## Problem requirements
Repeat the entries exactly. Leave nothing out.

START Data supplied

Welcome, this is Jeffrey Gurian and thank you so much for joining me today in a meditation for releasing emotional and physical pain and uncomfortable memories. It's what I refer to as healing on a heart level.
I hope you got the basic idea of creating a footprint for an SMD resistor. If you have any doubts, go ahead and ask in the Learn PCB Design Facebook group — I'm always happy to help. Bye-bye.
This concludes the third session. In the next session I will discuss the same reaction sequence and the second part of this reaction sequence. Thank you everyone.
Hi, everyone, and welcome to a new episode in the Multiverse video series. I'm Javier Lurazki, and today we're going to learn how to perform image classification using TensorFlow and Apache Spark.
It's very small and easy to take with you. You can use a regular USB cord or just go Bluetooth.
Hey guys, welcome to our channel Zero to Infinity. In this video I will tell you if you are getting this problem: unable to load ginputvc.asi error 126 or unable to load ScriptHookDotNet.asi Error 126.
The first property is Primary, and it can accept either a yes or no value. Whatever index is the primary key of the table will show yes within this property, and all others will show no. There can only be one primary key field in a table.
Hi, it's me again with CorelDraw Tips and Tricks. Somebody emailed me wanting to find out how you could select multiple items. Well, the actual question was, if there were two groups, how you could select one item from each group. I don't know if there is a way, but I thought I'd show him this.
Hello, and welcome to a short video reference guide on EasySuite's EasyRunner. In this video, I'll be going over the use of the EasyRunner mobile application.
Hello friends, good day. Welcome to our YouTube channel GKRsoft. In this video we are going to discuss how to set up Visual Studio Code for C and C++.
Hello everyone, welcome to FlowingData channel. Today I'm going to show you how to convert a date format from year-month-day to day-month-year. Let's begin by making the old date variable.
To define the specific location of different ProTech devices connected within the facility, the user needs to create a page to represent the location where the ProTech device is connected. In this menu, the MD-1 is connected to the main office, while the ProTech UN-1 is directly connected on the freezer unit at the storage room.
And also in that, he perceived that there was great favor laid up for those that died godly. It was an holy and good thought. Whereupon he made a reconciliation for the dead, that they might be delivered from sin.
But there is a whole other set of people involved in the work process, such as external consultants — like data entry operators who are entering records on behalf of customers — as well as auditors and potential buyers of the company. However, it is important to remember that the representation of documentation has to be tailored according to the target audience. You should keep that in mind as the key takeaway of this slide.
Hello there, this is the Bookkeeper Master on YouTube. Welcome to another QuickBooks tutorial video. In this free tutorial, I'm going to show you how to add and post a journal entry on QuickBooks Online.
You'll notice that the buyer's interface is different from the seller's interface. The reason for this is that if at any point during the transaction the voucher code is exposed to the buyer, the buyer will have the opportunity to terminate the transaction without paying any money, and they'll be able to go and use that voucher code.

END Data supplied

## Expected answer
Welcome, this is Jeffrey Gurian and thank you so much for joining me today in a meditation for releasing emotional and physical pain and uncomfortable memories. It's what I refer to as healing on a heart level.
I hope you got the basic idea of creating a footprint for an SMD resistor. If you have any doubts, go ahead and ask in the Learn PCB Design Facebook group — I'm always happy to help. Bye-bye.
This concludes the third session. In the next session I will discuss the same reaction sequence and the second part of this reaction sequence. Thank you everyone.
Hi, everyone, and welcome to a new episode in the Multiverse video series. I'm Javier Lurazki, and today we're going to learn how to perform image classification using TensorFlow and Apache Spark.
It's very small and easy to take with you. You can use a regular USB cord or just go Bluetooth.
Hey guys, welcome to our channel Zero to Infinity. In this video I will tell you if you are getting this problem: unable to load ginputvc.asi error 126 or unable to load ScriptHookDotNet.asi Error 126.
The first property is Primary, and it can accept either a yes or no value. Whatever index is the primary key of the table will show yes within this property, and all others will show no. There can only be one primary key field in a table.
Hi, it's me again with CorelDraw Tips and Tricks. Somebody emailed me wanting to find out how you could select multiple items. Well, the actual question was, if there were two groups, how you could select one item from each group. I don't know if there is a way, but I thought I'd show him this.
Hello, and welcome to a short video reference guide on EasySuite's EasyRunner. In this video, I'll be going over the use of the EasyRunner mobile application.
Hello friends, good day. Welcome to our YouTube channel GKRsoft. In this video we are going to discuss how to set up Visual Studio Code for C and C++.
Hello everyone, welcome to FlowingData channel. Today I'm going to show you how to convert a date format from year-month-day to day-month-year. Let's begin by making the old date variable.
To define the specific location of different ProTech devices connected within the facility, the user needs to create a page to represent the location where the ProTech device is connected. In this menu, the MD-1 is connected to the main office, while the ProTech UN-1 is directly connected on the freezer unit at the storage room.
And also in that, he perceived that there was great favor laid up for those that died godly. It was an holy and good thought. Whereupon he made a reconciliation for the dead, that they might be delivered from sin.
But there is a whole other set of people involved in the work process, such as external consultants — like data entry operators who are entering records on behalf of customers — as well as auditors and potential buyers of the company. However, it is important to remember that the representation of documentation has to be tailored according to the target audience. You should keep that in mind as the key takeaway of this slide.
Hello there, this is the Bookkeeper Master on YouTube. Welcome to another QuickBooks tutorial video. In this free tutorial, I'm going to show you how to add and post a journal entry on QuickBooks Online.
You'll notice that the buyer's interface is different from the seller's interface. The reason for this is that if at any point during the transaction the voucher code is exposed to the buyer, the buyer will have the opportunity to terminate the transaction without paying any money, and they'll be able to go and use that voucher code.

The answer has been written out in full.